(DATA SUPPLIED)
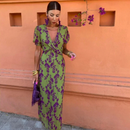 Valentine | Women's dress with flowing cut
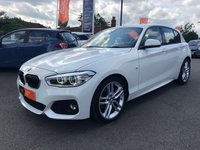 USED 2016 16 BMW 1 SERIES 1.5 118I M SPORT 5d AUTO 134 BHP ** RAC BUYSURE INSPECTED **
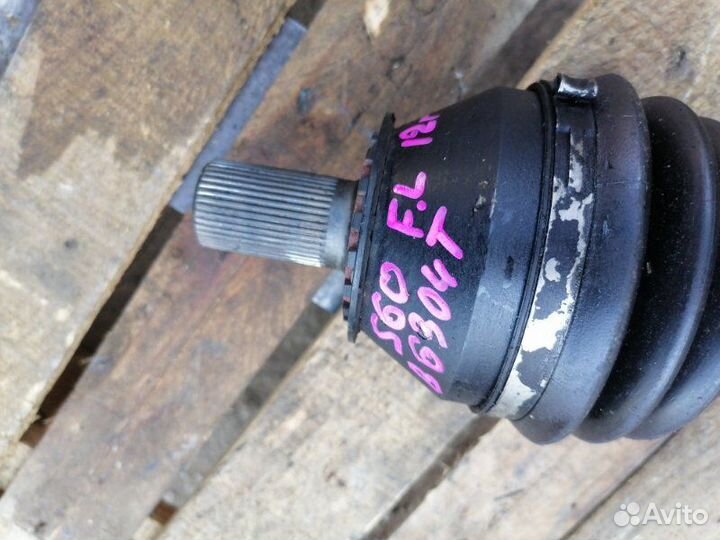 Привод передний левый Volvo S60 седан B6304T 2012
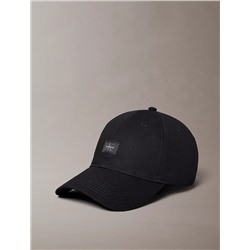 Woven Monologo Baseball Cap
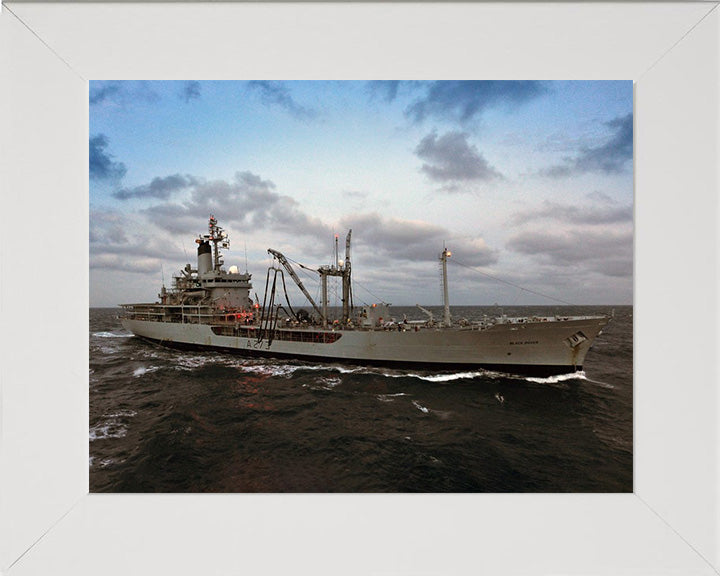 RFA Black Rover A273 Royal Fleet Auxiliary Rover class small fleet tanker Photo Print or Framed Print - Hampshire Prints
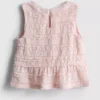1,5–9 år | peplum-bluse uten ermer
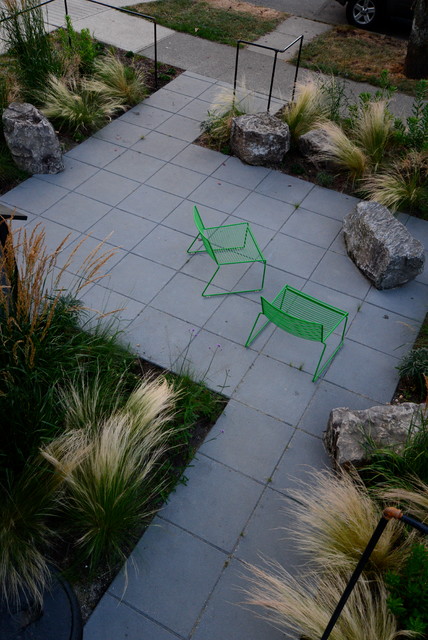 Garden Drive front yard modern-garten
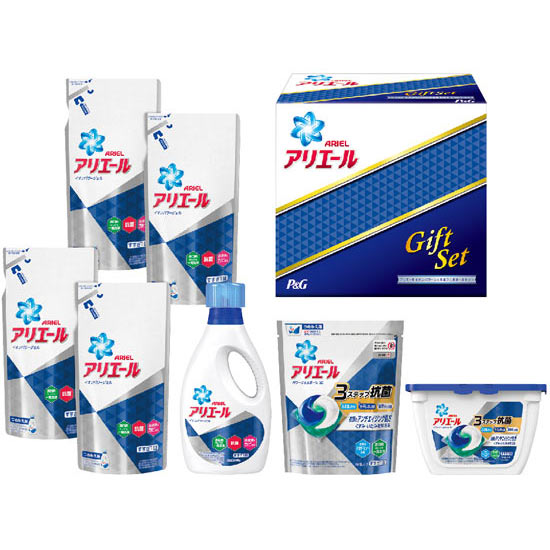 アリエール ｲｵﾝﾊﾟﾜｰｼﾞｪﾙ ジェルボールセット 4400円 大進オンラインショップ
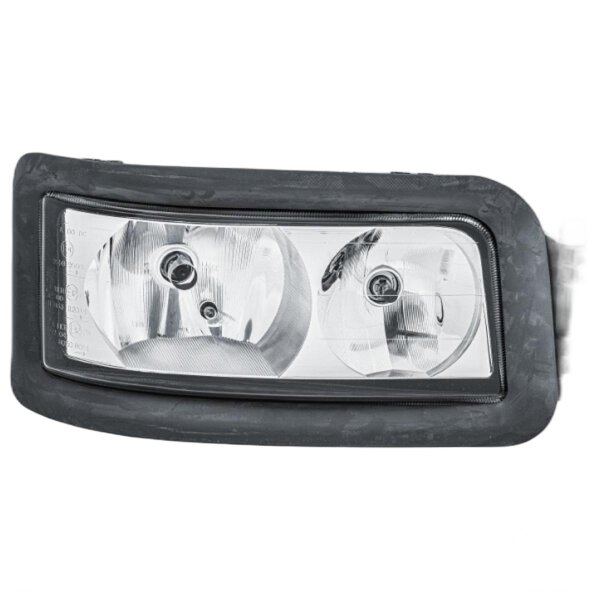 Main headlamp right 24 V H7/H7 halogen HELLA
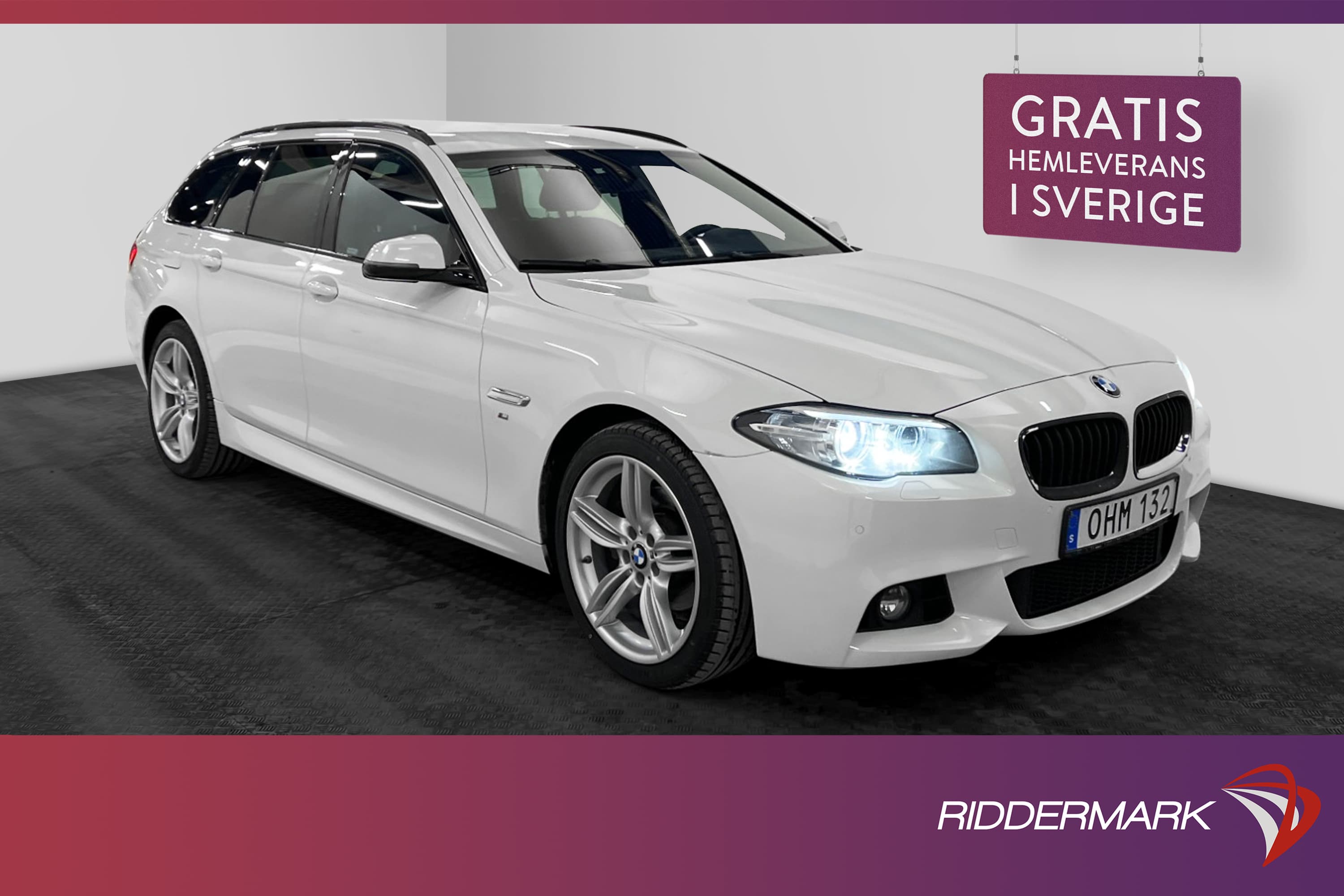 BMW 520d xDrive 190hk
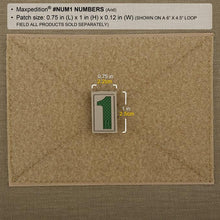 Load image into Gallery viewer, Number 1 Morale Patch
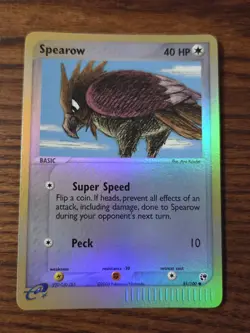 Spearow 81/100 - Sandstorm - Pokemon TCG Reverse Holo - Image 1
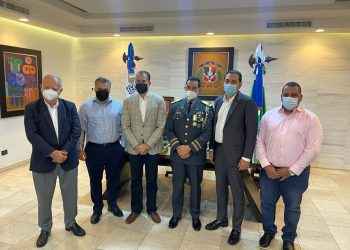 Empresarios de Santiago valoran gestión del mayor general Alberto Then y ofrecen respaldo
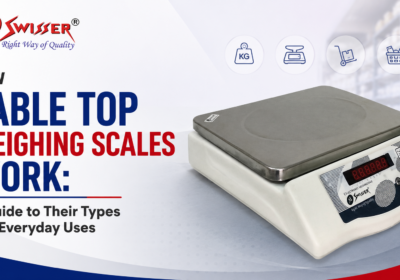 Table Top Weighing Scale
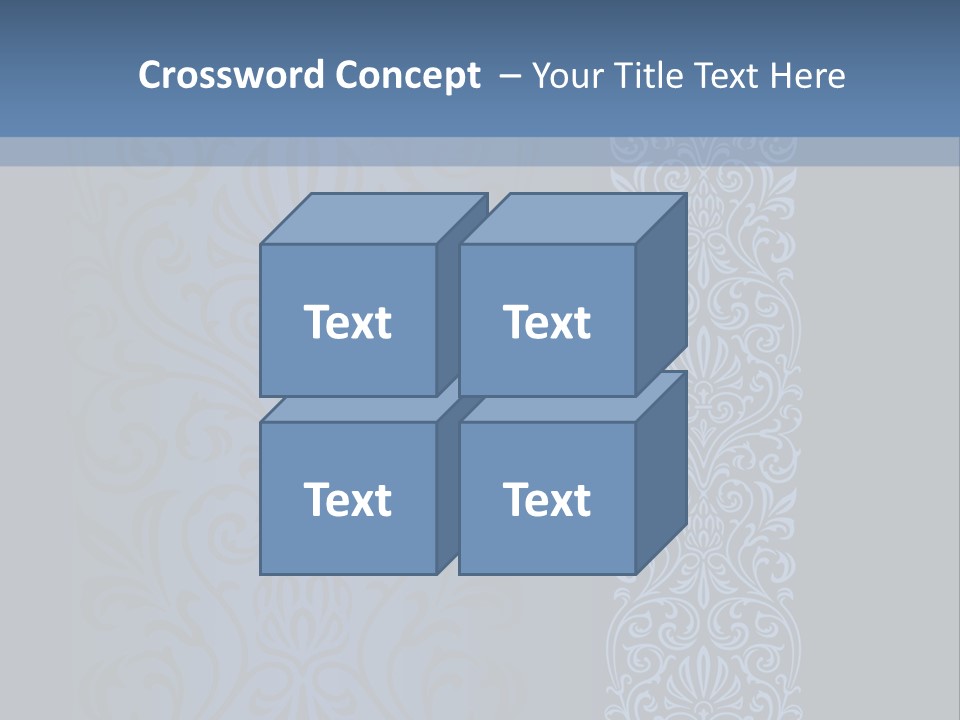Ornamental Border. Pattern Can Be Easily Repeated Until Desired Length. Stock Vector Illustration: PowerPoint Template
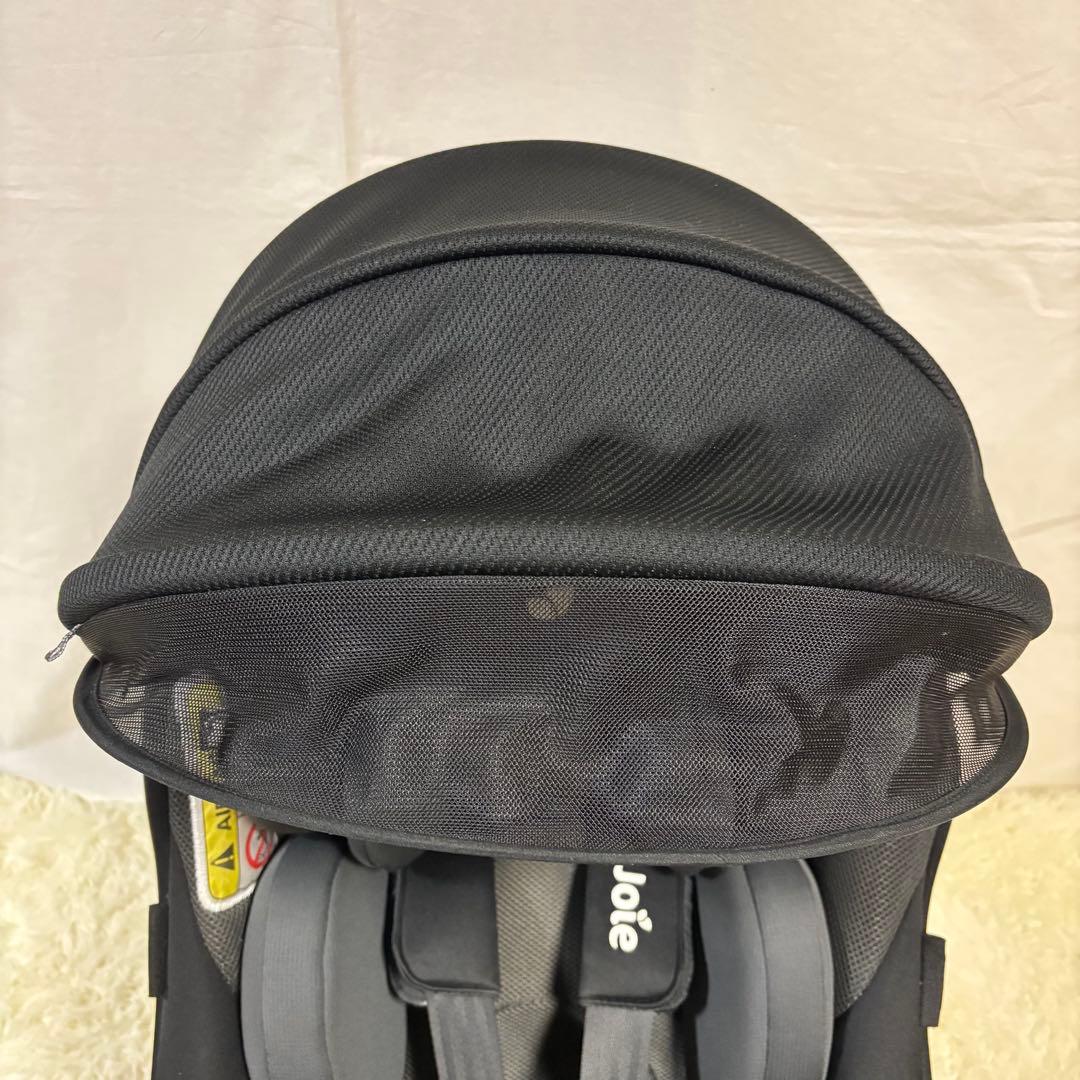 極美品　Joie ジョイー Arc360° アーク　ISOFIX キャノピー付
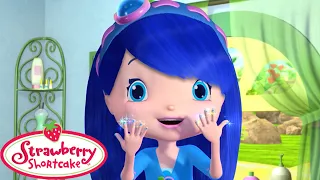Strawberry Shortcake 🍓 The Special Manicure! 🍓 Berry in the Big City 🍓 Cartoons for Kids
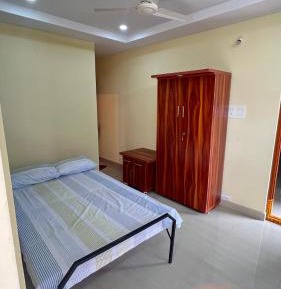 Single Room with Private Bathroom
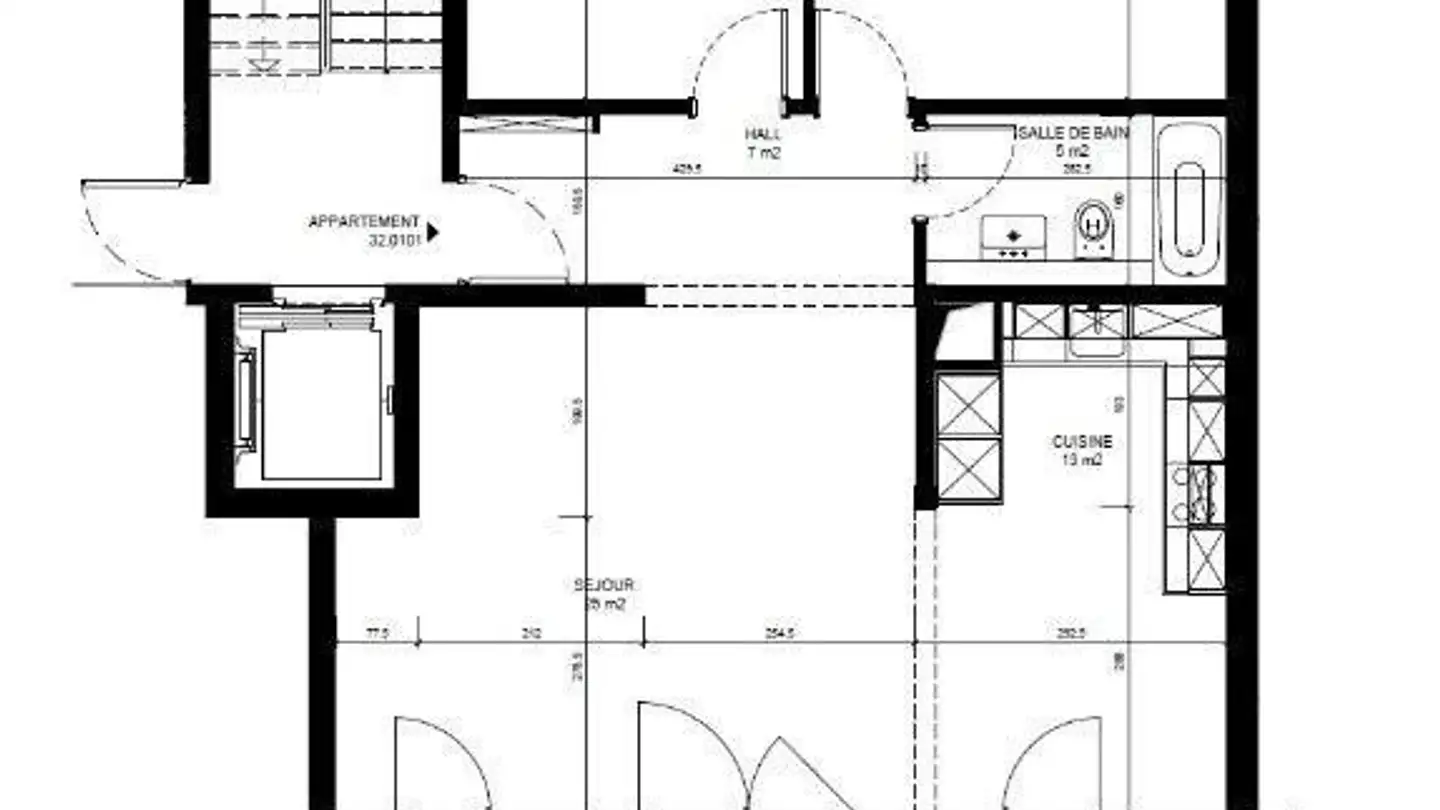 Wohnung mieten - Rue Des Cerisiers 32, 2000 Neuchâtel - Foto 3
(End DATA SUPPLIED)
→ **ABOUT THIS TASK**
Set every line of the records down again exactly, and exclude all pictures.

→ **OUTPUT OF THE EXERCISE**
 Valentine | Women's dress with flowing cut
 USED 2016 16 BMW 1 SERIES 1.5 118I M SPORT 5d AUTO 134 BHP ** RAC BUYSURE INSPECTED **
 Привод передний левый Volvo S60 седан B6304T 2012
 Woven Monologo Baseball Cap
 RFA Black Rover A273 Royal Fleet Auxiliary Rover class small fleet tanker Photo Print or Framed Print - Hampshire Prints
1,5–9 år | peplum-bluse uten ermer
 Garden Drive front yard modern-garten
 アリエール ｲｵﾝﾊﾟﾜｰｼﾞｪﾙ ジェルボールセット 4400円 大進オンラインショップ
 Main headlamp right 24 V H7/H7 halogen HELLA
 BMW 520d xDrive 190hk
 Load image into Gallery viewer, Number 1 Morale Patch
 Spearow 81/100 - Sandstorm - Pokemon TCG Reverse Holo - Image 1
 Empresarios de Santiago valoran gestión del mayor general Alberto Then y ofrecen respaldo
 Table Top Weighing Scale
Ornamental Border. Pattern Can Be Easily Repeated Until Desired Length. Stock Vector Illustration: PowerPoint Template
 極美品　Joie ジョイー Arc360° アーク　ISOFIX キャノピー付
Strawberry Shortcake 🍓 The Special Manicure! 🍓 Berry in the Big City 🍓 Cartoons for Kids
 Single Room with Private Bathroom
 Wohnung mieten - Rue Des Cerisiers 32, 2000 Neuchâtel - Foto 3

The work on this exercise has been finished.